波照間
はてるま

塀も壁も石積み

波照間島は全島が古い景観をとどめる島で、全243棟の主屋のうち、木造寄棟のいわゆる「沖縄風民家」が105棟(43%)もあります。

【1】集落の街区はサンゴ石を積んだ石垣で区切られます。一部、切石を組み上げた石垣をもつ旧家もあります。
【2】主屋の外壁を板や石でつくるのが伝統的な工法。昭和以降、コンクリートで部分的ないし全面的に補強する家が現れました。
【3】波照間の集落景観の特徴が、この炊事棟。外壁は石でつくられていて、物置に転用されても創建時の姿をとどめるものが多くあります。

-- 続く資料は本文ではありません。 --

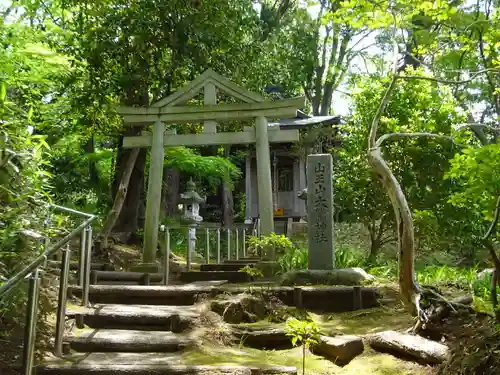 天台宗　長窪山　正覚寺の末社・摂社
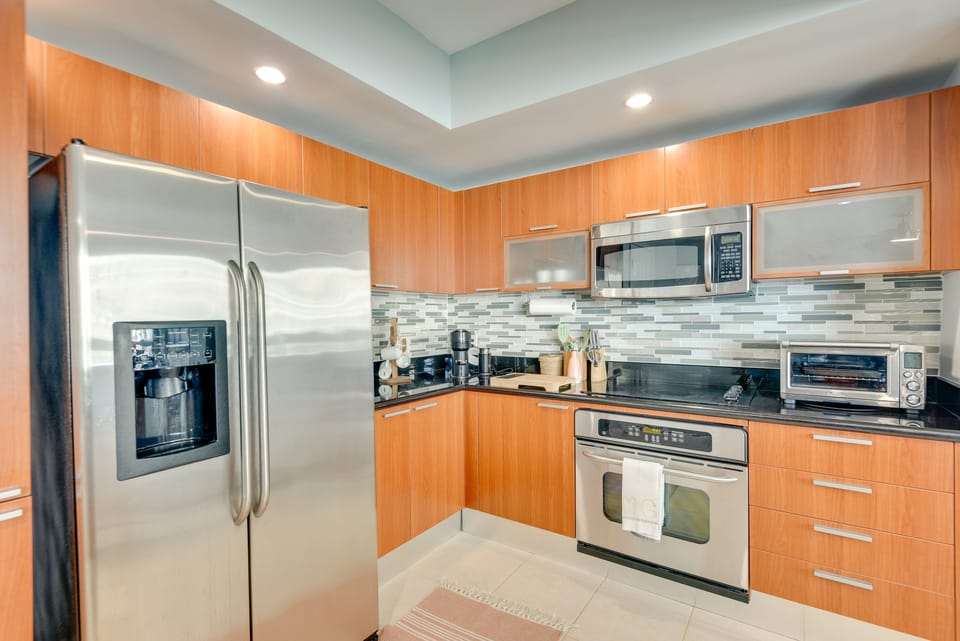 Luxe Resort Condo - 2 Mi to Daytona Beach! Apartment in Holly Hill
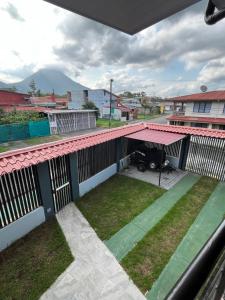 vistas a un edificio con techo rojo en Alojamientos N&S en Fortuna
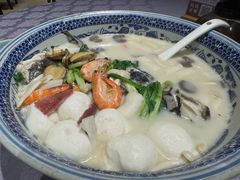 极品鱼头皇-山外山菜馆(玉泉路店)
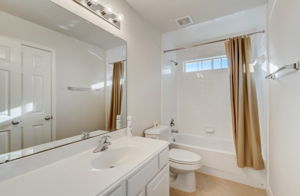  Cove Landing Ln-035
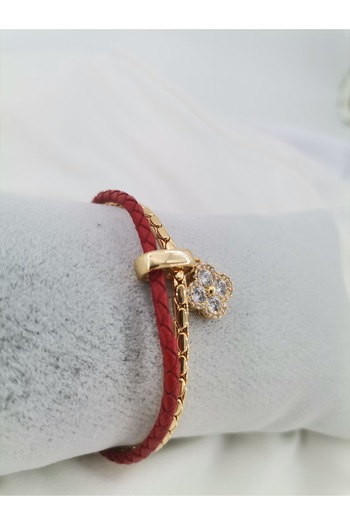 Hobimos Stylish Steel Tip Bracelet with Leather
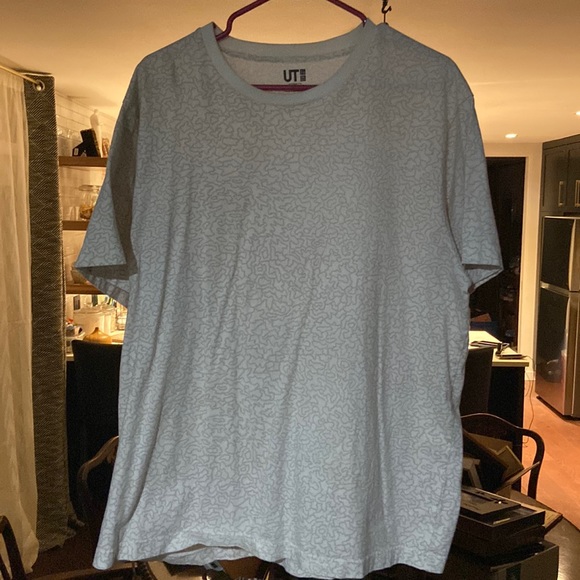 Uniqlo tshirt in good used condition. Size xxl - Picture 1 of 4
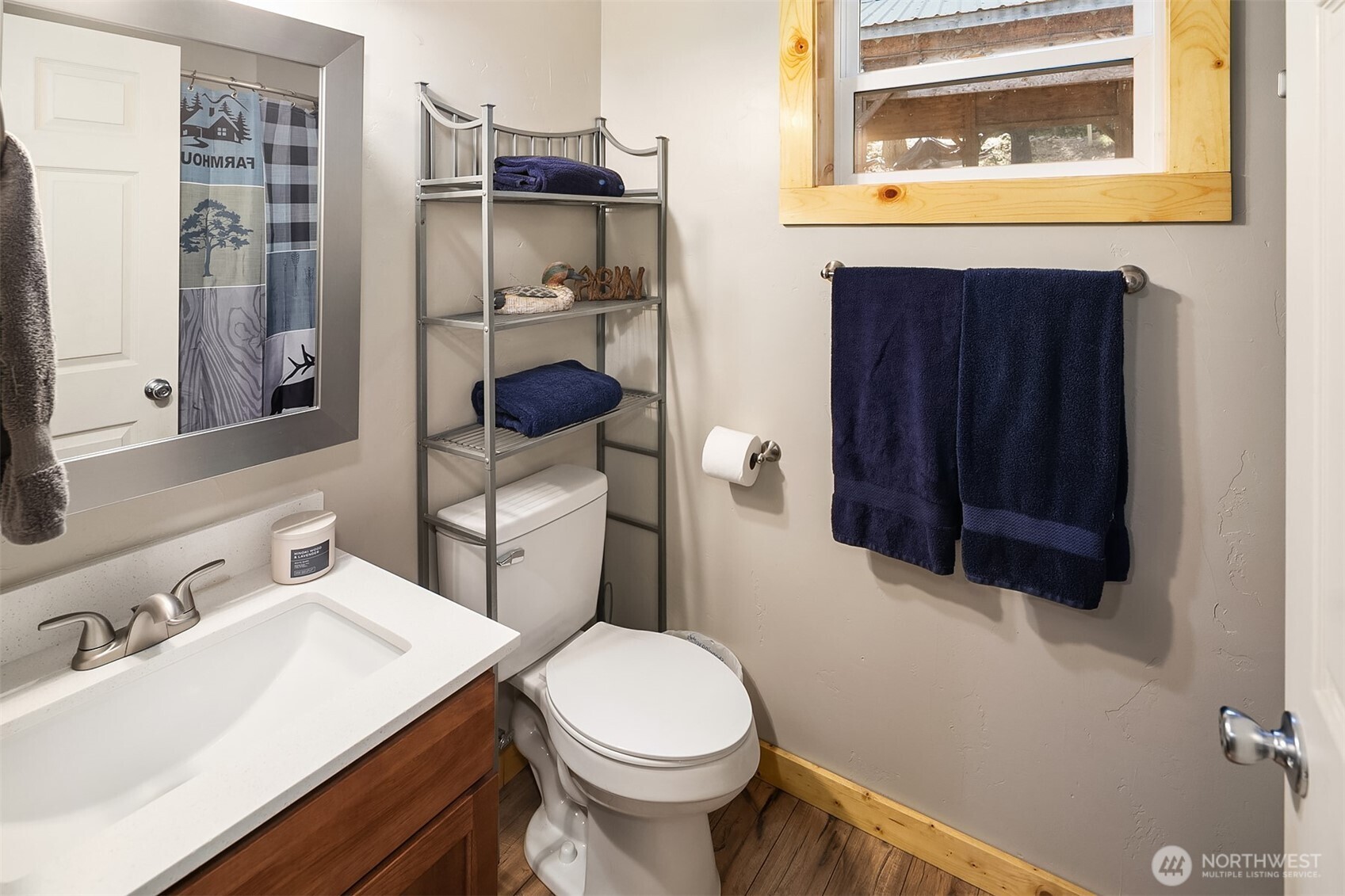 61 Tom And Nita Road Cle Elum, WA 98922 - Photo 15 of 27 a bathroom with a sink a toilet and shower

波照間島は日本の最南端にある有人島です。福岡よりも香港やマニラに近く、北回帰線までわずか65キロのところに浮かんでいます。島内には名石、前、南、北、冨嘉(ふか)の5集落があります。このうち冨嘉を除く4集落が島のほぼ中央にあり、冨嘉はそこから400メートルほど西に位置します。


集落景観(冨嘉集落)

集落景観(名石集落)

波照間島はマラリアなどの風土病がなく、八重山諸島の中では比較的住みやすい土地でした。「西表(いりおもて)島から移住した人によって開かれた」という言い伝えもありますが、調査の結果、2世紀以降ほぼ途切れることなく人が住み続けてきたことが分かっています。
琉球国の配下に置かれてからは、石垣島や西表島へ開拓のため、波照間島の住民を強制移住させる寄百姓(よせひゃくしょう)が何度か行われました。このことからも、波照間島がいかに豊かな島だったかが分かります。


集落景観(北集落)


波照間島の古民家(前集落)

島の家はもともと茅葺きでしたが、明治以降に瓦に葺き替えられました。現存する最古級の家は外壁を板や石でつくっています。
1938(昭和13)年ごろから、建物の四隅のみをコンクリートで補強する家が現れ、その後は竹筋(ちくきん)コンクリート、鉄筋コンクリートなども普及しました。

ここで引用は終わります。